Andy: “When Sir Ranulph Fiennes first approached Finning for support on his attempt to cross Antarctica during the polar winter, we knew we were entering into a huge challenge. Over 10,000 man-hours, 780 technical drawings and 110 specialist modifications later, we had two Antarctic-ready Cat D6Ns equipped to tackle some of the harshest conditions on the planet.

“While we conducted as much analysis as we possibly could to try and test our developments in simulated conditions, there was always going to be an element of the unknown when the team started operating in Antarctica.

“What was fascinating for us, from an engineering perspective, was how well the modifications would perform and what we could learn for the future development of extreme cold weather units.

“Since Richmond and Spencer returned from the ice, we have had access to some incredibly in-depth insight that has helped us understand how the machines perform in temperatures below -50°C.

“The traverse has also broken dozer records, and thanks to the talents of Spencer and Richmond who were able to keep the machines running and operational in those conditions, we have seen the Cat D6Ns overcome a diverse range of challenges.“

As well as taking part in a 400-metre long recovery winch, the blades on the dozers were also used to construct ice bridges that could get the caboose train across sizeable crevasses.

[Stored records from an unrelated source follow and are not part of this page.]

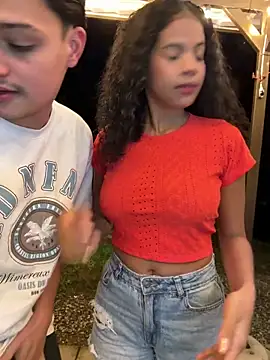 Snapshot of Rose-andres chatting on September 2025 11:42:02 PM Rose-andres online show from September 2025 11:42:02 PM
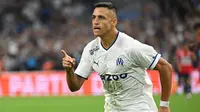 Alexis Sanchez. Setelah 3 musim membela Inter Milan, striker Cile berusia 33 tahun yang juga sempat membela Manchester United ini akhirnya meninggalkan Liga Italia untuk mencari tantangan baru di Liga Prancis bersama Olympique Marseille pada awal musim 2022/2023. Kepergiannya juga sebagai imbas kembalinya Romelu Lukaku ke Inter Milan dengan status pinjaman dari Chelsea. Bersama Olympique Marseille ia telah mencetak 4 gol dari 6 laga awal di Liga Prancis 2022/2023. (AFP/Christophe Simon)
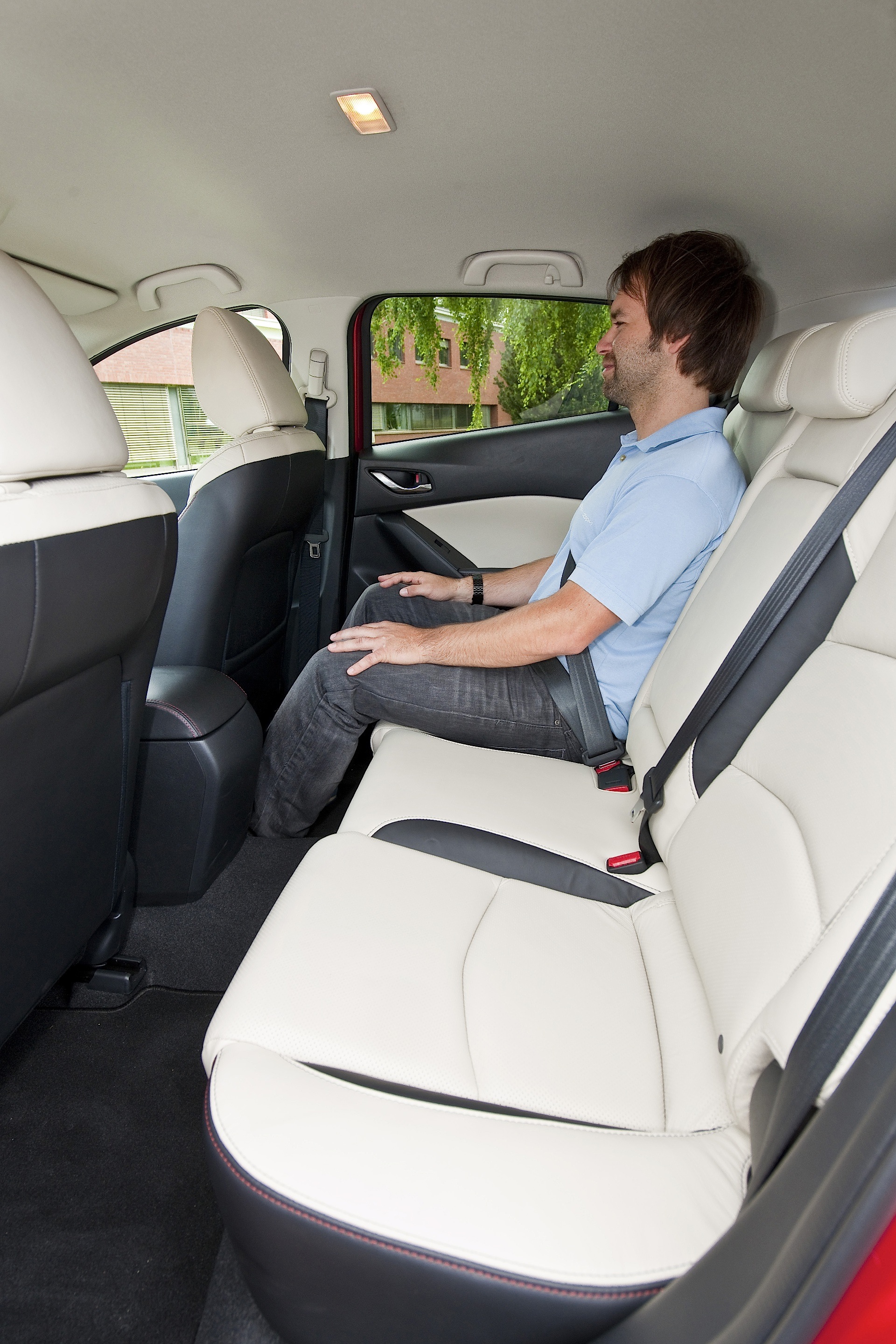 Mazda 3 / Axela Hatchback photo 39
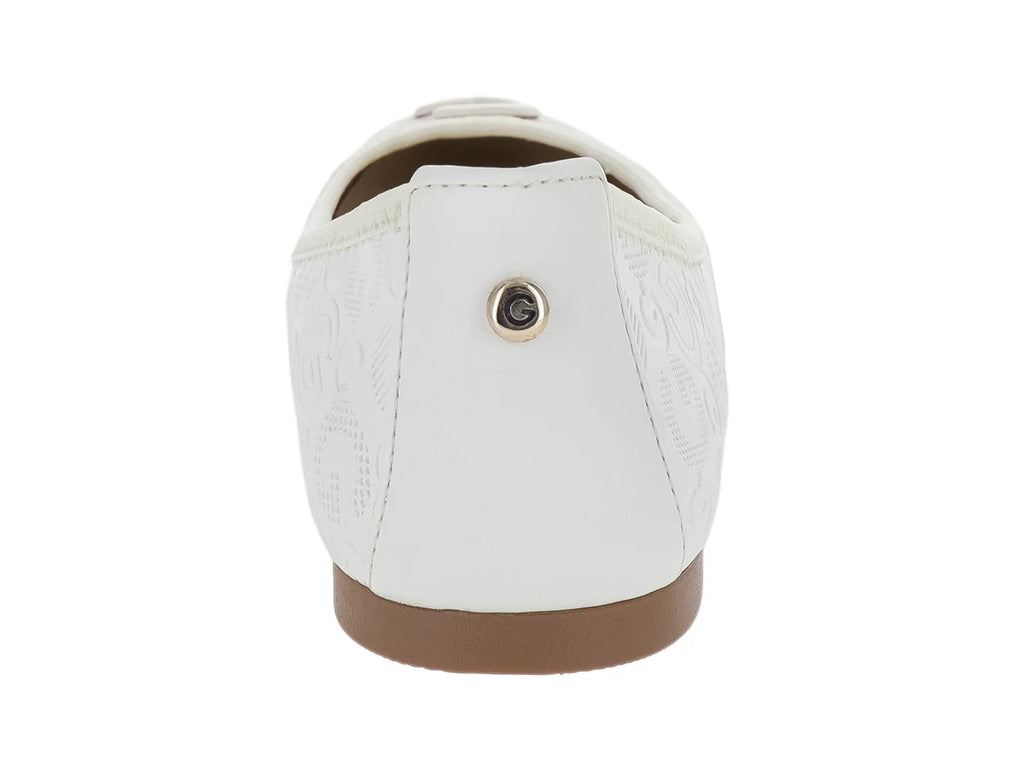 Zapatos Planos GBG Color Ivory para Mujer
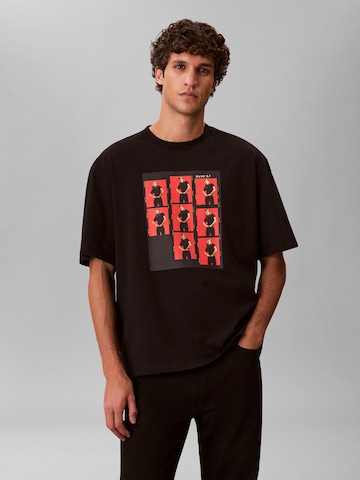 Calvin Klein Póló 'Outtakes' - fekete: elől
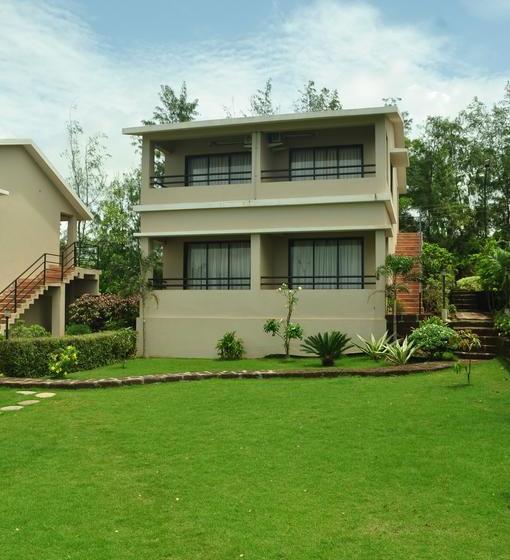 Nakshatra Beach Resort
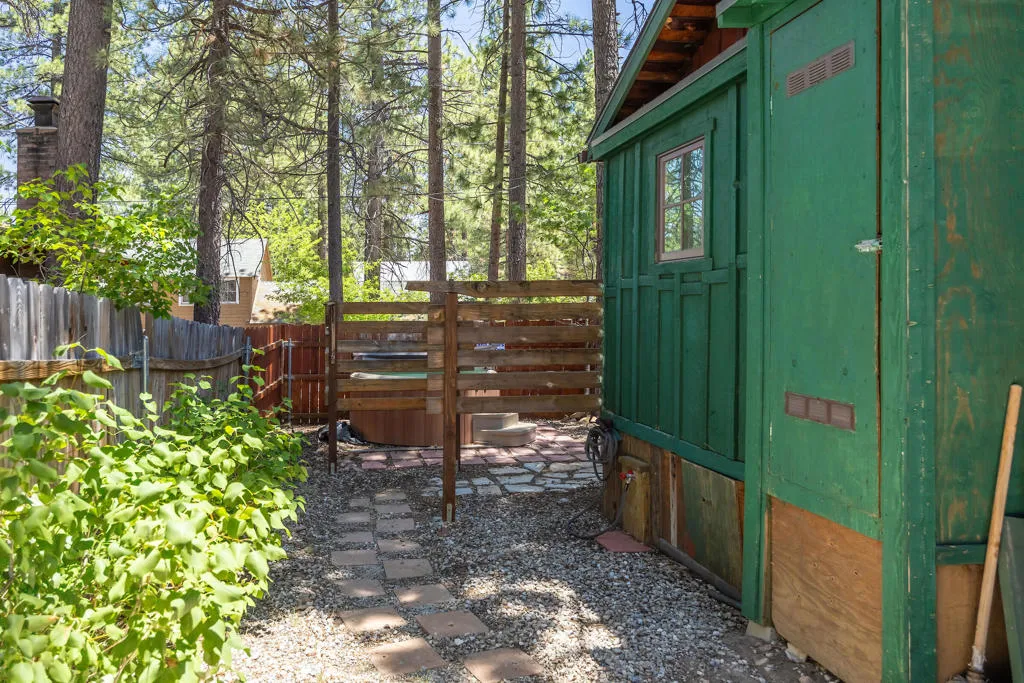 40114 Esterly Lane, Big Bear, California 92315 home-pic-38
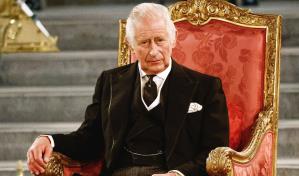 Carlos III luce corbata negra como muestra de respeto hacia el papa Francisco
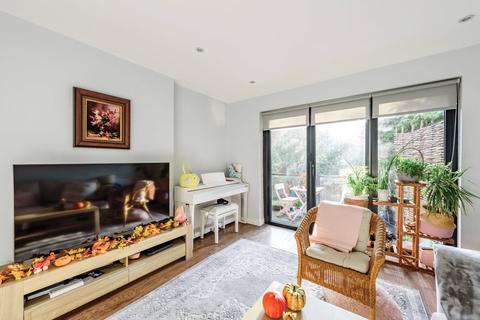 2 bedroom apartment for sale - Golders Green Crescent, London, NW11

“With the feedback from the operators and general machine performance, we have gained valuable research and development information that we’re going to be able to use to improve the quality of Caterpillar machines that work in extreme cold weather conditions.

“Not only this, but the other modifications to improve the safety of the machine could bring benefits to a much broader range of applications.

“Richmond and Spencer have both come back with some fantastic experience of conducting maintenance and essential repairs in conditions that are unlikely to be repeated anywhere in the world. The important thing is that they’re back safe, and we’re now in a position to benefit from what they have learned.

“While it is unquestionably a shame that the team wasn’t able to cross Antarctica, we have still gained a lot from their experience.

“What we have learned about the performance of plant in extreme cold, combined with the scientific research conducted and the money raised for Seeing Is Believing charity, the expedition has been a great success.”

Spencer Smirl, the lead Finning engineer on the expedition concluded by saying: “When you are relying on a Cat D6N to travel in temperatures as low as -50 degrees, in the dark, you know your focus has to be on the performance of the machine. The whole expedition has been such a rewarding and amazing experience.”